DATA IN THIS EXERCISE:
'''

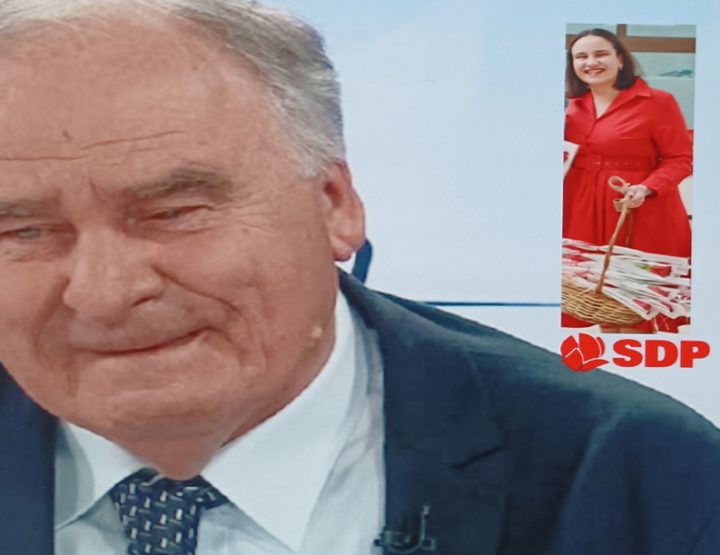 Bogić Bogićević uspješno operisan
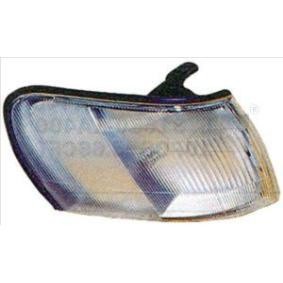 Achetez des Feu de position TYC 18-5048-05-2 à prix pour 13,87 €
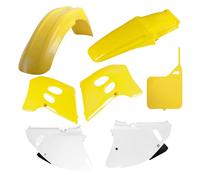 Polisport Plastics Kit For Suzuki RM125 RM250 1993 1994 1995 OEM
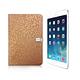 iPad Air / iPad 5 時尚鑽石紋 超薄休眠皮套 product thumbnail 3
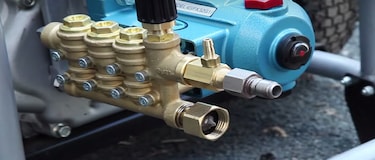 Picking A Replacement Pressure Washer Pump - How To Pick The Perfect ...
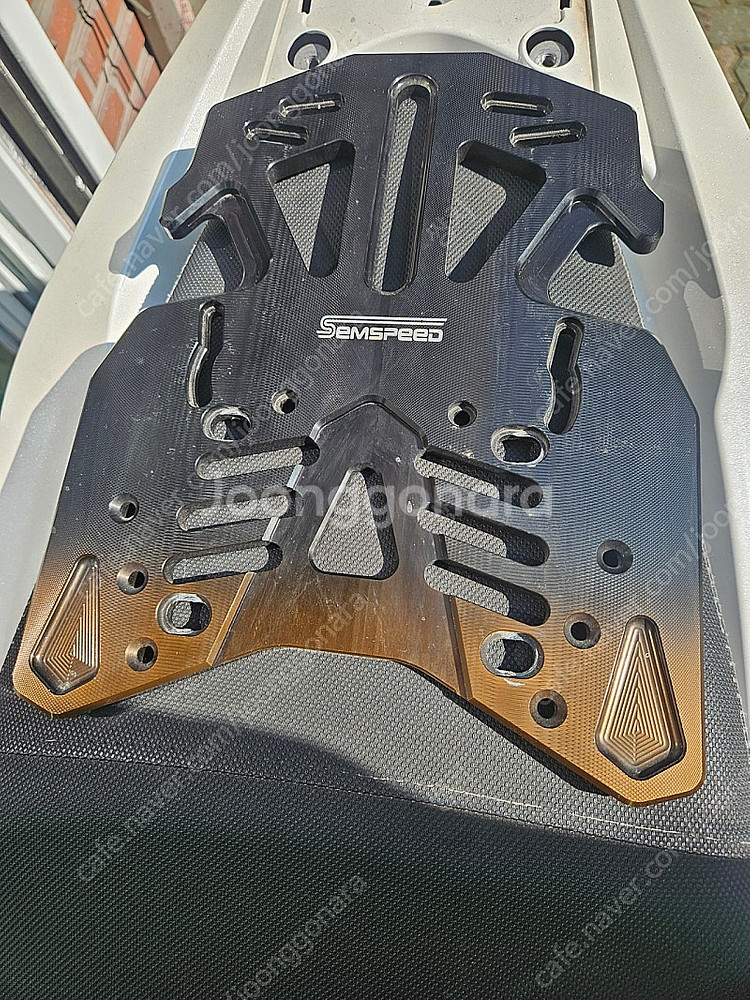 올뉴 pcx 14~18 semspeed 캐리어--1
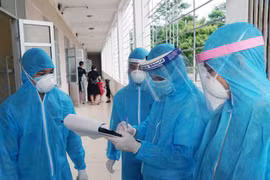 Hải Dương: Thêm một ca nhiễm COVID-19 liên quan “ổ dịch” Thế giới bò tươi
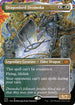 2X2 376 Dragonlord Dromoka (Borderless) M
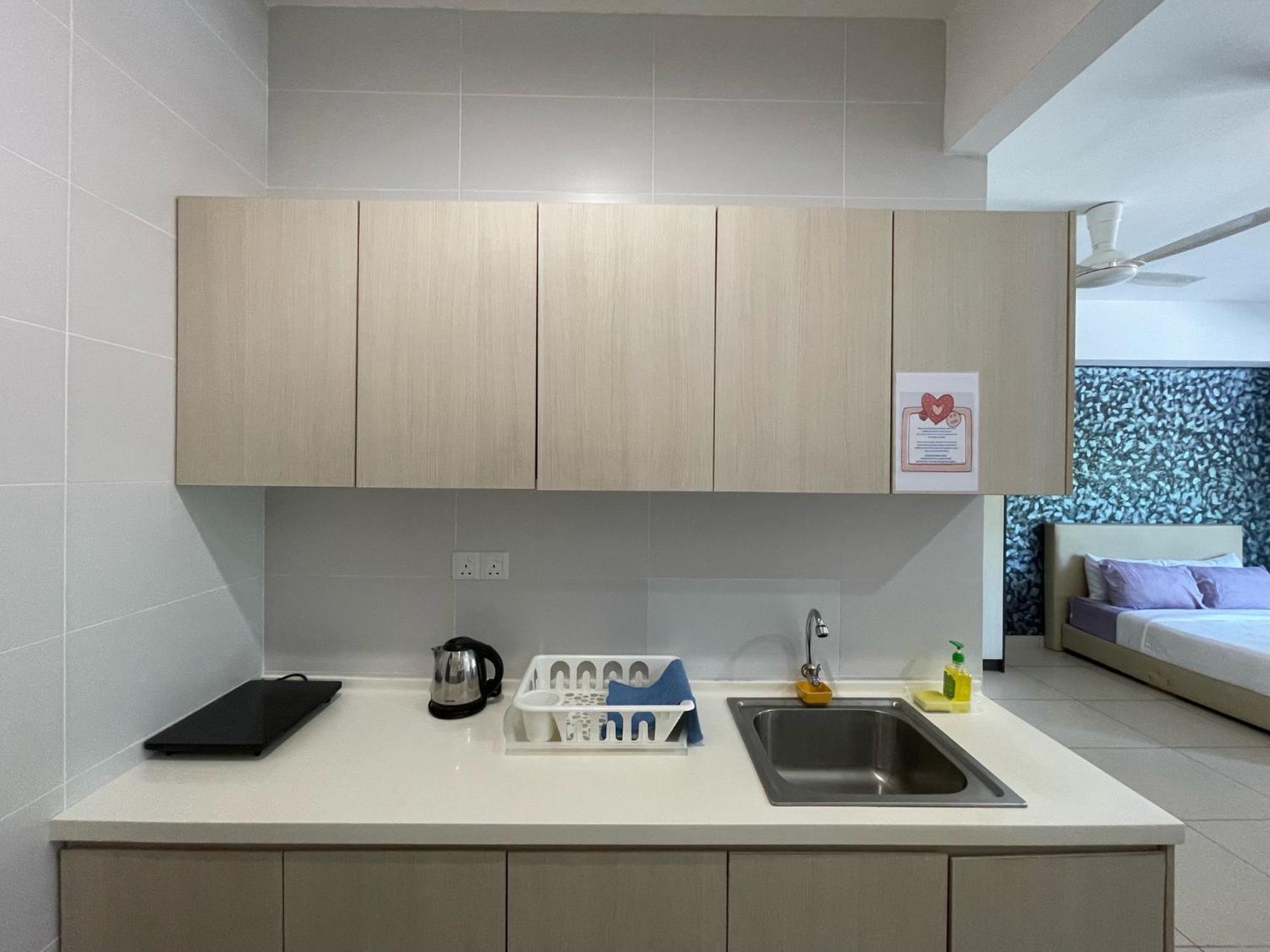 Midhill Apartment Genting 1507 By Aurorahomes مرتفعات جنتنغ المظهر الخارجي الصورة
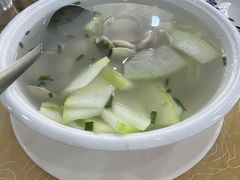 -秋姐美食店(旅游大道店)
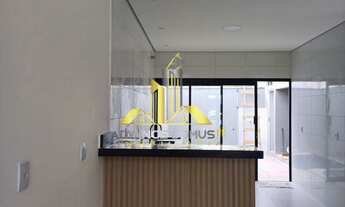 Imagem 7: Casa Térrea à Venda – Condomínio Villagio Ipanema I – Sorocaba/SP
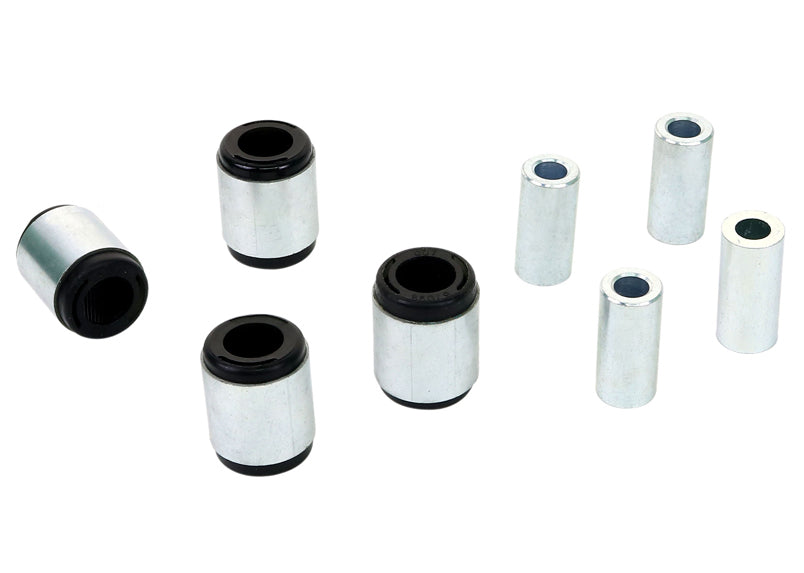 Whiteline Front Control Arm Upper Bushing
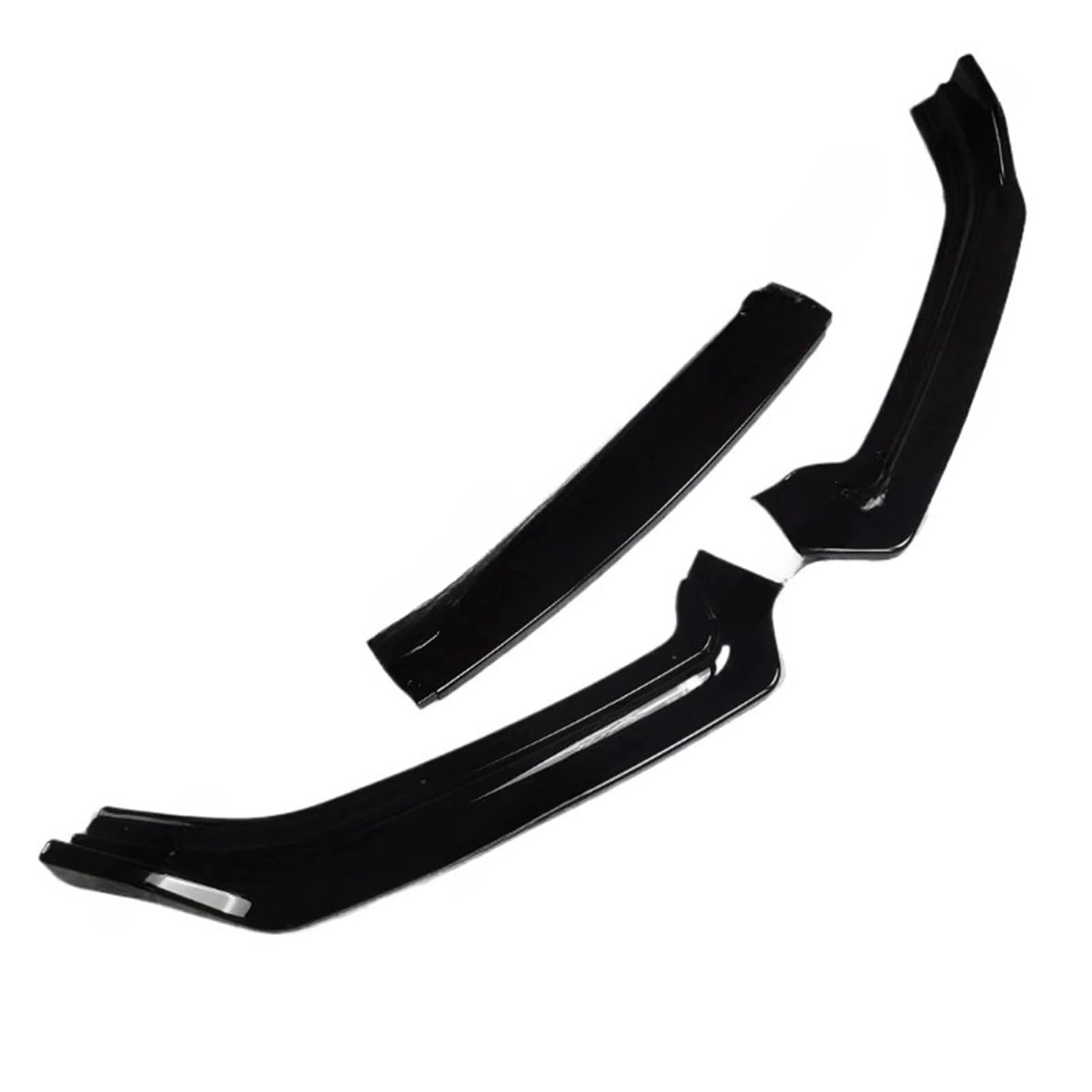 ATATKRT Kompatibel mit Seat Ibiza MK4 6j TSI SE Standard 2015-2017 Lci Auto Frontstoßstange Lippe Unterer Diffusor Splitter Canard Spoiler Body Kit Tuning Anti-Kollision Automotive Modifikation ATATKRT Kompatibel mit Seat Ibiza MK4 6j TSI SE Standard 2015-2017 Lci Auto Frontstoßstange Lippe Unterer Diffusor Splitter Canard Spoiler Body Kit Tuning Anti-Kollision Automotive Modifikation von ATATKRT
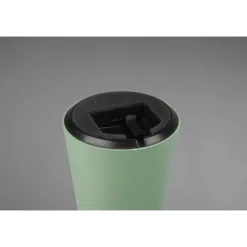 Lampe A Poser Reality Lennon Led Vert, 1 Lumiere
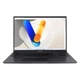Ноутбук ASUS Vivobook 16 Core 9-270H/16GB/512/Win11 Black (X1605VA-MB2798W) - изображение 3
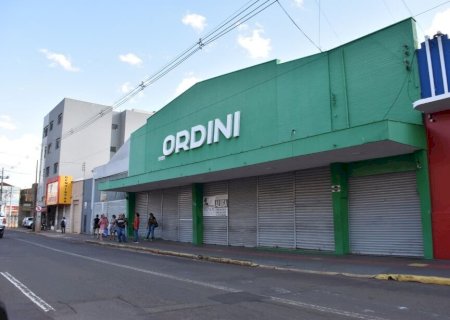 FECHAMENTO DE EMPRESAS BATE RECORDE EM MATO GROSSO DO SUL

'''

EXERCISE GOAL: Whatever the records hold apart from pictures should be repeated exactly.

WRITTEN ANSWER:
 Bogić Bogićević uspješno operisan
 Achetez des Feu de position TYC 18-5048-05-2 à prix pour 13,87 €
 Polisport Plastics Kit For Suzuki RM125 RM250 1993 1994 1995 OEM
 iPad Air / iPad 5 時尚鑽石紋 超薄休眠皮套 product thumbnail 3
 Picking A Replacement Pressure Washer Pump - How To Pick The Perfect ...
 올뉴 pcx 14~18 semspeed 캐리어--1
 Hải Dương: Thêm một ca nhiễm COVID-19 liên quan “ổ dịch” Thế giới bò tươi
 2X2 376 Dragonlord Dromoka (Borderless) M
 Midhill Apartment Genting 1507 By Aurorahomes مرتفعات جنتنغ المظهر الخارجي الصورة
 -秋姐美食店(旅游大道店)
 Imagem 7: Casa Térrea à Venda – Condomínio Villagio Ipanema I – Sorocaba/SP
 Whiteline Front Control Arm Upper Bushing
 ATATKRT Kompatibel mit Seat Ibiza MK4 6j TSI SE Standard 2015-2017 Lci Auto Frontstoßstange Lippe Unterer Diffusor Splitter Canard Spoiler Body Kit Tuning Anti-Kollision Automotive Modifikation ATATKRT Kompatibel mit Seat Ibiza MK4 6j TSI SE Standard 2015-2017 Lci Auto Frontstoßstange Lippe Unterer Diffusor Splitter Canard Spoiler Body Kit Tuning Anti-Kollision Automotive Modifikation von ATATKRT
 Lampe A Poser Reality Lennon Led Vert, 1 Lumiere
Ноутбук ASUS Vivobook 16 Core 9-270H/16GB/512/Win11 Black (X1605VA-MB2798W) - изображение 3
 FECHAMENTO DE EMPRESAS BATE RECORDE EM MATO GROSSO DO SUL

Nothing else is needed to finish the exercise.